A train derailed in a Metro rail yard over the weekend, crashing into another train and damaging three rail cars plus other equipment.
No one was injured, but it was the latest safety problem to occur on Metro's rail system. The chairman of the Tri-State Oversight Committee, which monitors Metrorail's safety, said the incident was concerning.
The train had no riders aboard it at the time and was in the New Carrollton rail yard in Prince George's County, where trains are stored and maintained. It was in the process of getting more cars added to the middle, known as bellying cars onto the train, when the incident occurred about 1:50 a.m. Saturday, according to Tri-State Oversight Committee Chairman James Benton.
It appears the problem stemmed from human error, though the investigation is continuing, Benton told The Washington Examiner on Tuesday. Two employees have been put on paid leave while officials determine the cause, according to Metro. The news of the derailment was first reported by the blog Unsuck DC Metro.

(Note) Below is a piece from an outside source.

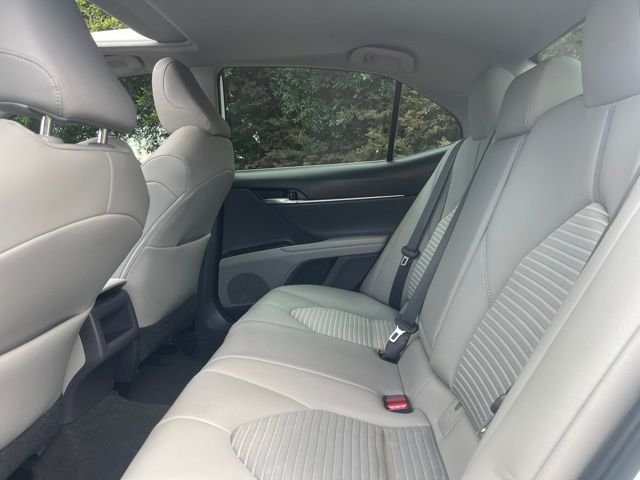 Used 2020 White Toyota SE image 12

The problems appear to have occurred when the train started to reverse through a switch, where the rails diverge, Benton said. One portion of the train went in one direction and the other went onto the other set of rails, striking an empty parked train with its rear car.
The train was traveling at a low speed when it derailed, according to Metro spokesman Dan Stessel, but the track, the third rail, the switch and three rail cars were damaged. Stessel said it was too early to know how costly the damage would be but said it did not appear to be as high as $7 million, an estimate reported by Unsuck DC Metro.
Benton said the cars had to be lifted with a crane, which is expensive on its own.
The track equipment was repaired over the weekend without any effect on train service, Stessel said.
Both Metro and the oversight group are investigating the incident. The workers are slated to be tested for drugs and alcohol use, as is standard after any incident, Benton said, and safety officials will review their recent work history to determine if fatigue played any role.
In July, a Green Line Metro train carrying riders derailed near West Hyattsville after the rail bent in what is called a heat kink. A Blue Line train derailed near Rosslyn in April after what Metro called a human error when a technician failed to check whether a clamp was properly in place on a track switch. Another train derailed near Farragut North in February 2010 after an operator ran a red light in a pocket track.
Other rail yard derailments occurred in March 2010 in the Brentwood yard and the West Falls Church rail yard in November 2009.